Location: Washington, DC

HONORING HISPANIC HERITAGE MONTH -- (Extensions of Remarks - September 15, 2004)

Ms. ROS-LEHTINEN. Mr. Speaker, it is with great pleasure that I recognize Hispanic Heritage Month, which begins on September 15, the anniversary of independence for five Latin American countries-Costa Rica, El Salvador, Guatemala, Honduras, and Nicaragua. Additionally, Mexico declared its independence on September 16, and Chile on September 18. These are some of the countries that comprise our diverse ethnic group, which have enriched our beautiful Nation.

The 2000 Census found that 35.3 million people identified themselves as Hispanic Americans. This represents a 58-percent increase from the previous Census of 1990. Hispanic Americans continue to thrive and exemplify the American dream. A larger percentage of Hispanic Americans are becoming proud homeowners. Hispanic-owned companies made up 6 percent of the Nation's 20.8 million nonfarm businesses, and earned $186.3 billion in revenues. Since 1822, 73 Hispanic Americans have served in this very Chamber, in the U.S. House of Representatives.

In March of last year, the Congressional Hispanic Conference, of which I am proud to serve as chair, was inaugurated. We are comprised of a group of Representatives of Hispanic and Portuguese descent, as well as Members who are interested in promoting policies of importance to Americans of Latino descent. The Conference will inform Hispanic Americans that their issues and concerns are being listened to and acted upon in the U.S. Congress. Lower taxes, affordable health care, and the education of our youth are all issues that are imperative to our conservative values. We will be strong advocates to ensure that the largest minority group in the United States has a loud and powerful voice in the Halls of Congress.

Educational advancement and funding continues to be an important issue for all Americans, especially Hispanics. Congress has increased funding for Hispanic Serving Institutions by more than 750 percent-from $10.8 million in 1996 to $92.4 million in 2003. The Bush administration has also proposed an additional 5-percent increase in funding for minority serving institutions in FY05. This would increase funding for Hispanic Serving Institutions to $94 million. This vital funding works to advance the educational pursuits of Hispanic Americans across our country.

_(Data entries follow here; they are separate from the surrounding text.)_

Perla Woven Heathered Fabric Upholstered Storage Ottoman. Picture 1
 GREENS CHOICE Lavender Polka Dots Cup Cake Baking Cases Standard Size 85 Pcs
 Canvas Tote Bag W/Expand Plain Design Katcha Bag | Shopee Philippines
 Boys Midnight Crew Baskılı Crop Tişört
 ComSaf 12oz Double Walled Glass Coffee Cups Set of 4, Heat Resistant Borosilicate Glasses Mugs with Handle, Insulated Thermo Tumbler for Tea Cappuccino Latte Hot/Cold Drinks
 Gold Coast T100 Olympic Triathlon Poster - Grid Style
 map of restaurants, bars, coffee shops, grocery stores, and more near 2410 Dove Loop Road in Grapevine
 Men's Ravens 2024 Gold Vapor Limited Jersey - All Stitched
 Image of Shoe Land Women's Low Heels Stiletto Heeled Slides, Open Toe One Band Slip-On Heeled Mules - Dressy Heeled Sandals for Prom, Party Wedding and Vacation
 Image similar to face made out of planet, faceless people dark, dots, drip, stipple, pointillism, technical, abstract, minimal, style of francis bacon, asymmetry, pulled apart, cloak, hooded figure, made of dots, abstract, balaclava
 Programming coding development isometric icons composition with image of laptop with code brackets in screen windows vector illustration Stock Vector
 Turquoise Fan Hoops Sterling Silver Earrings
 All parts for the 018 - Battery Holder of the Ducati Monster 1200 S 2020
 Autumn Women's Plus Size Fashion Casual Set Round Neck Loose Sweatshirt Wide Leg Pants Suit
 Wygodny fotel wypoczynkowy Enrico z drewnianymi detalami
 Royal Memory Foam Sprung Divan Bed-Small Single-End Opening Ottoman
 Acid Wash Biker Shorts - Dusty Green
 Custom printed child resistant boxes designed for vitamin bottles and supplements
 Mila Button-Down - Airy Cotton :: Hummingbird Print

Congress continues to amend and improve tax policy to the benefit of all Americans. H.R. 839, The Renewing the Dream Tax Credit Act, modifies the Internal Revenue Code of 1986 to allow an income tax credit for the provision of homeownership and community development. This bill would create tax incentives for the construction or rehabilitation of affordable housing for low-income families. The ability to afford and own your own home is a quintessential part of living and pursuing the American dream.

This Congress and our President are committed to ensuring that Hispanic Americans continue to seek economic opportunities and achieve prosperity. The huge increases in educational funding are unprecedented and will continue to serve the needs of the ever-growing Hispanic American community. A stronger, smarter, and fairer tax policy will continue to serve the needs of all Americans. A vibrant, stronger, and more educated Hispanic American population contributes to the greatness of this wonderful nation making us competitive for the new global economy in this technologically advanced society.